Approximately, 1 out of every 1,000 children under the age of 16 suffers from Arthritis. It has become more common than Cystic Fibrosis or Diabetes. Chronic Childhood Arthritis is also referred to as Juvenile Rheumatoid Arthritis or Juvenile Chronic Arthritis, Juvenile Arthritis, or JA. For simplicity, I will refer to this disease as JA throughout the rest of my article.
JA is continuous inflammation of one or more joints lasting at least six weeks for which no other cause can be found. It may be part of many different illnesses and there is no test that can definitely diagnose it, therefore, other causes of joint pain and swelling must be excluded by testing. JA does not always present itself with pain in a child and can be hard to detect, even to a qualified physician. Sometimes the only indication a child may have this disease is the child experiences mild stiffening of their joints upon rising from rest, limping, or difficulty using one of their arms or legs. A child's doctor usually observes carefully for any signs of joint swelling or decrease in mobility, which indicate that the joints are inflamed.

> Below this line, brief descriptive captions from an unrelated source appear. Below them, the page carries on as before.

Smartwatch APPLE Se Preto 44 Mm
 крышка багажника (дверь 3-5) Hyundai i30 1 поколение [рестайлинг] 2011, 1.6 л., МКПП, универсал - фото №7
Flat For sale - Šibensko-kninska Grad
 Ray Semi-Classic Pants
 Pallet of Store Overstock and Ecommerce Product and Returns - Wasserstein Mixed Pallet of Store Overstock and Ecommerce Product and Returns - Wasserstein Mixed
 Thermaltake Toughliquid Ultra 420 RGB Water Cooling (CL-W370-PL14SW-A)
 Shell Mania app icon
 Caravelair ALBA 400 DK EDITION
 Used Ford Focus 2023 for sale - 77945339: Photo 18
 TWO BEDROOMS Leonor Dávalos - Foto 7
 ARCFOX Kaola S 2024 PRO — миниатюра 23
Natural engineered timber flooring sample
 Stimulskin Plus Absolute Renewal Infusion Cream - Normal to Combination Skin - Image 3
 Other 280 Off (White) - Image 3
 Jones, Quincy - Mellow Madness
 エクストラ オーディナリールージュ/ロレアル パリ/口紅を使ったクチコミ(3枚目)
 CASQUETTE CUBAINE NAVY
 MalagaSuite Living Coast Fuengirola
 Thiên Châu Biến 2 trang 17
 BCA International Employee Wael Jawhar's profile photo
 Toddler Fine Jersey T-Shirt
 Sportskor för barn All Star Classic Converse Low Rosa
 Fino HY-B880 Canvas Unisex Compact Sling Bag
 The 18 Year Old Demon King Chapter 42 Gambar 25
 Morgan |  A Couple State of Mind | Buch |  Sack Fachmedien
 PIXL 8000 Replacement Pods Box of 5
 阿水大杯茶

JA may occur after an infection or injury, but normally such illnesses do not cause JA. It is currently believed a child's immune system may be responsible for the inflammation of a child's joints, associated with JA. In a child with JA, the immune system seems to be overactive, and respond inappropriately to infection, taking the signal from something in the body as being an infection, causing continuous inflammation. This inflammation results in warm, stiff, swollen and often painful joints.
One of the unique qualities of JA is the effect of inflammation on a growing child. Occasionally, if JA is severe, a slow growth of the child or individual joints may occur. A child's joints that have been affected by JA will return to normal once the disease has been brought under control and has improved. Therefore, a child's physician will pay careful attention to all aspects of their growth.